Cardiac excitation–contraction coupling and metabolic and signaling activities are centrally modulated by nitric oxide (NO), which is produced by one of three NO synthases (NOSs). Despite the significant role of NO in cardiac Ca²⁺ homeostasis regulation under different pathophysiological conditions, such as Duchenne muscular dystrophy (DMD), no precise method describes the production, source or effect of NO through two NO signaling pathways: soluble guanylate cyclase-protein kinase G (NO-sGC-PKG) and S-nitrosylation (SNO). Using a novel strategy involving isolated murine cardiomyocytes loaded with a copper-based dye highly specific for NO, we observed a single transient NO production signal after each electrical stimulation event. The NO transient signal started 67.5 ms after the beginning of Rhod-2 Ca²⁺ transient signal and lasted for approximately 430 ms. Specific NOS isoform blockers or NO scavengers significantly inhibited the NO transient, suggesting that wild-type (WT) cardiomyocytes produce nNOS-dependent NO transients. Conversely, NO transient in mdx cardiomyocyte, a mouse model of DMD, was dependent on inducible NOS (iNOS) and endothelial (eNOS). In a consecutive stimulation protocol, the nNOS-dependent NO transient in WT cardiomyocytes significantly reduced the next Ca²⁺ transient via NO-sGC-PKG. In mdx cardiomyocytes, this inhibitory effect was iNOS- and eNOS-dependent and occurred through the SNO pathway. Basal NO production was nNOS- and iNOS-dependent in WT cardiomyocytes and eNOS- and iNOS-dependent in mdx cardiomyocytes. These results showed cardiomyocyte produces NO isoform-dependent transients upon membrane depolarization at the millisecond time scale activating a specific signaling pathway to negatively modulate the subsequent Ca²⁺ transient.

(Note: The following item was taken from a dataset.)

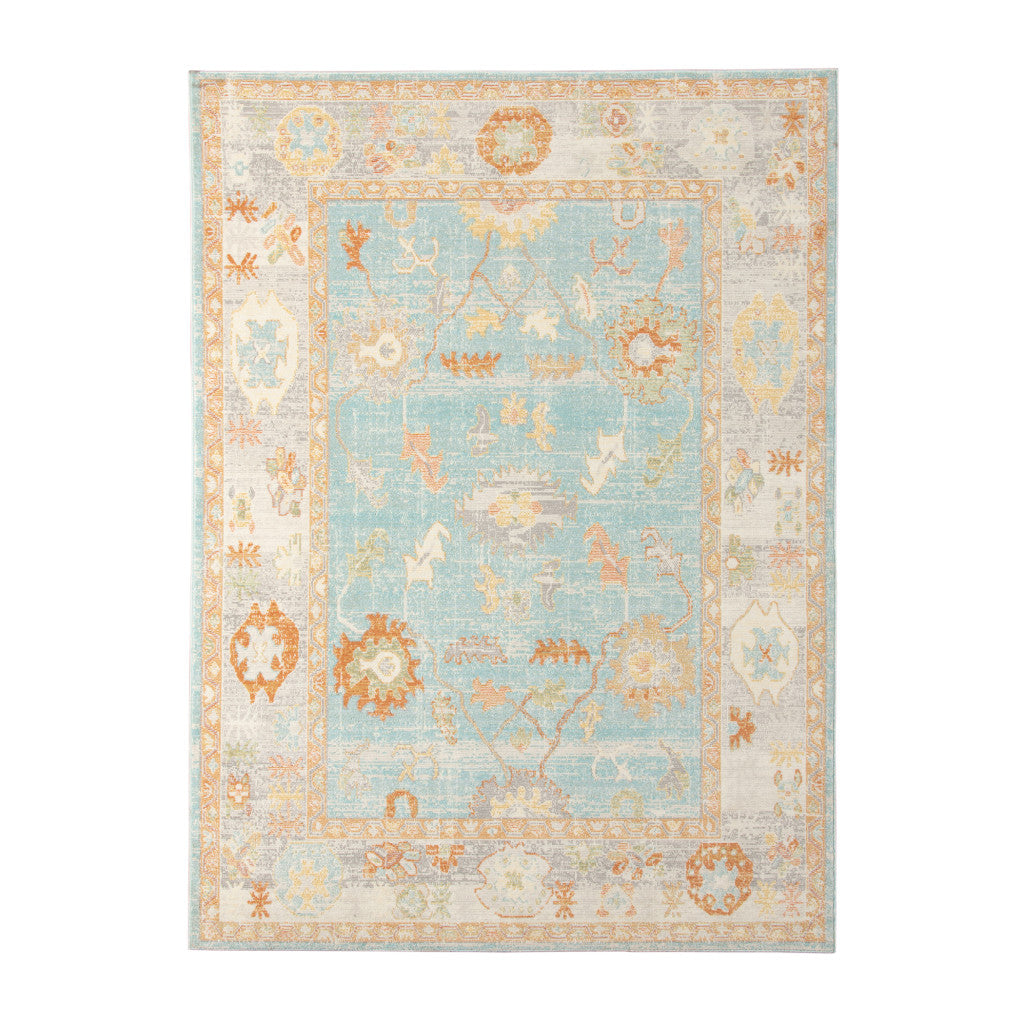 2' X 3' Blue and Orange Floral Stain Resistant Indoor Outdoor Area Rug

心脏兴奋-收缩耦合以及代谢和信号传导活动由一氧化氮 (NO) 集中调节，一氧化氮由三种 NO 合酶 (NOS) 中的一种产生。尽管 NO 在不同病理生理条件下（如杜氏肌营养不良症 (DMD)）在心脏 Ca ²⁺稳态调节中发挥重要作用，但没有精确的方法描述 NO 通过两种 NO 信号通路产生、来源或作用：可溶性鸟苷酸环化酶蛋白激酶 G (NO-sGC-PKG) 和 S-亚硝基化 (SNO)。使用一种涉及分离的鼠心肌细胞的新策略，该细胞装载了对 NO 具有高度特异性的铜基染料，我们在每次电刺激事件后观察到单个瞬时 NO 产生信号。在 Rhod-2 Ca 开始后 67.5 ms 开始出现 NO 瞬态信号²⁺瞬态信号，持续约 430 毫秒。特定的 NOS 亚型阻滞剂或 NO 清除剂显着抑制 NO 瞬变，表明野生型 (WT) 心肌细胞产生 nNOS 依赖性 NO 瞬变。相反，mdx 心肌细胞（DMD 的小鼠模型）中的 NO 瞬态依赖于诱导型 NOS (iNOS) 和内皮细胞 (eNOS)。在连续刺激方案中，WT 心肌细胞中 nNOS 依赖性 NO 瞬变显着降低了下一个 Ca ²⁺通过 NO-sGC-PKG 瞬变。在 mdx 心肌细胞中，这种抑制作用是 iNOS 和 eNOS 依赖性的，并且通过 SNO 途径发生。基础 NO 产生在 WT 心肌细胞中是 nNOS 和 iNOS 依赖性的，而在 mdx 心肌细胞中是 eNOS 和 iNOS 依赖性的。这些结果表明，心肌细胞在膜去极化后在毫秒时间尺度上产生 NO 异构体依赖性瞬变，激活特定的信号通路以负调节随后的 Ca ²⁺瞬变。